Scan the entries below and extract each line with the word "Kids" in it.

◇ ◇ ◇

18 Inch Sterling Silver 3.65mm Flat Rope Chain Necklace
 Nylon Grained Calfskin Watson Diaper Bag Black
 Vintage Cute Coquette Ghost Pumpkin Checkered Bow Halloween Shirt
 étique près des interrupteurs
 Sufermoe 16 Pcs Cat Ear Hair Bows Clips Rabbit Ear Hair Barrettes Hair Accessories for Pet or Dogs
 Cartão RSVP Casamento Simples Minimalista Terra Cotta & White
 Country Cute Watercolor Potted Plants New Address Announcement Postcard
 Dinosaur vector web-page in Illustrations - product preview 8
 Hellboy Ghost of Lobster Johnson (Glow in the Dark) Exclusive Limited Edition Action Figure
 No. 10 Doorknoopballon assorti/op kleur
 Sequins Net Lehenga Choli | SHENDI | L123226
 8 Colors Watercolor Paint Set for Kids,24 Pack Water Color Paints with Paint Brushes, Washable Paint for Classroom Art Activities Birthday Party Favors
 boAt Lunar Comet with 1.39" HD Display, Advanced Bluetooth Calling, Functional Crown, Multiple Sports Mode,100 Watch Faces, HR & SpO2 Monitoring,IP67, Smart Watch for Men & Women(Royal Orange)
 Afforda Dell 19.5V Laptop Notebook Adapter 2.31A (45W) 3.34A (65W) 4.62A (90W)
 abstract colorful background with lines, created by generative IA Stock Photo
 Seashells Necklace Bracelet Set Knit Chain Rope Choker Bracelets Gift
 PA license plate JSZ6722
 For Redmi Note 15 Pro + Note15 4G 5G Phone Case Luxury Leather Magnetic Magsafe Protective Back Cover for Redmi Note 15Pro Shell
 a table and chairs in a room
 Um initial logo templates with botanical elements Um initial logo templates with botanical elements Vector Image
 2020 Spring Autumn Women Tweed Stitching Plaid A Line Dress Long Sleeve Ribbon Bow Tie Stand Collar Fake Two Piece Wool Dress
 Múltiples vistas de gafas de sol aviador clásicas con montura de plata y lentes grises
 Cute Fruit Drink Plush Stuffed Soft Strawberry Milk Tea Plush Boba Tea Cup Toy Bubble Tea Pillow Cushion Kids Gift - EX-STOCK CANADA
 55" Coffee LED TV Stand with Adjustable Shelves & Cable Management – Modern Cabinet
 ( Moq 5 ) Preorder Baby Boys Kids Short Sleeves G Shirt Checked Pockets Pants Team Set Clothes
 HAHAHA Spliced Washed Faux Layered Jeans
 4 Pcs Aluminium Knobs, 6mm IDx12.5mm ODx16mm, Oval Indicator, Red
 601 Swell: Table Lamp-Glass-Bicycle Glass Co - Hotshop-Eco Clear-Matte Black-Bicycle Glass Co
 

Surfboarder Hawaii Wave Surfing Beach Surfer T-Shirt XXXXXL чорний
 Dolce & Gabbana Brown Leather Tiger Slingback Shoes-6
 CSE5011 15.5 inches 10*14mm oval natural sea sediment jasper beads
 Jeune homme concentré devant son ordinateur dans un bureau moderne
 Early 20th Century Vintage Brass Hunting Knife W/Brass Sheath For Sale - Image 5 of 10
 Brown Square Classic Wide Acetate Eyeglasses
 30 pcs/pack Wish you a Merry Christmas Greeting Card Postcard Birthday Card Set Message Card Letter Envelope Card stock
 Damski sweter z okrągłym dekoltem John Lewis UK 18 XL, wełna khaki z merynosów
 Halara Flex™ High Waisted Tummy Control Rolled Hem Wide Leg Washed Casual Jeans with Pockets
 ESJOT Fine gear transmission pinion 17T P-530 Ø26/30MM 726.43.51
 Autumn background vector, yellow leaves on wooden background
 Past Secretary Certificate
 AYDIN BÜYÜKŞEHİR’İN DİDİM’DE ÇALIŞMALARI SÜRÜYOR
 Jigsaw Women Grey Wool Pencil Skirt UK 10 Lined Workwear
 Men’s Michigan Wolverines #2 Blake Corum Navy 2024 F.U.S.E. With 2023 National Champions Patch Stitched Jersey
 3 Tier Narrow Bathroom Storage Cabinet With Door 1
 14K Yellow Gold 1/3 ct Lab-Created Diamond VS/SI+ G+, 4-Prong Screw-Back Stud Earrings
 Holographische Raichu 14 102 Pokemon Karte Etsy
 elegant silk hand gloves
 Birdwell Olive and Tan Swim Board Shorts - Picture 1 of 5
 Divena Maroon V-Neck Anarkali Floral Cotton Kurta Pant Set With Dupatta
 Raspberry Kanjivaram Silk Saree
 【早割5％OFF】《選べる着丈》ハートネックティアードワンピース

◇ ◇ ◇

* Response below:
 8 Colors Watercolor Paint Set for Kids,24 Pack Water Color Paints with Paint Brushes, Washable Paint for Classroom Art Activities Birthday Party Favors
 Cute Fruit Drink Plush Stuffed Soft Strawberry Milk Tea Plush Boba Tea Cup Toy Bubble Tea Pillow Cushion Kids Gift - EX-STOCK CANADA
 ( Moq 5 ) Preorder Baby Boys Kids Short Sleeves G Shirt Checked Pockets Pants Team Set Clothes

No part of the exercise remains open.